Our aspiration is that we will eventually reach a point where delivering an updated specification is automatic and can be done according to the project's 6-week release cadence. But, for the short and medium term, we want to have the freedom to lag behind that 6-week release cadence. The ability to lag behind the Rust release schedule may be especially useful when the specification team is incrementally adding new content for previously unaddressed areas, or significantly narrowing the prescriptive bounds in the current version of the specification.
While the specification development process will not block releases, changes to language features should be coupled with relevant updates to the specification. Once we have begun publishing a specification coupled to specific releases, then changes to the language features that are documented in the current specification cannot be stabilized without a corresponding pull request approved by the specification team to the current draft specification.
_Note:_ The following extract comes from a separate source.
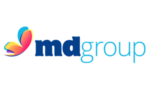 MD Group Brand Logo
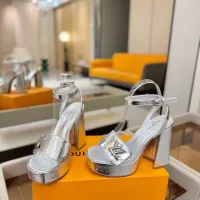 $118.00 USD Louis Vuitton Sandal For Women #1417896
Changes to language features that are not documented in the specification can be stabilized without an update to the specification, but require a specification team member's acknowledgement that the corresponding feature is undocumented.
By enforcing this rule that new features must be part of the specification before they are stabilized, we will hopefully eliminate the main source of potential lag between the specification and the Rust release.
Now that we have taken the initial steps of selecting an editor, forming the initial team, and documenting our vision in this blog post, the next steps are:
- Setting up a regular meeting schedule for the team.
- Establishing the list of stakeholders.
- Making a first "demo product", to be reviewed by the stakeholders. That is, setting up our tooling and picking a small slice of Rust to fully document (including cross references, etc.), to give an accurate first impression of what the full specification will look like.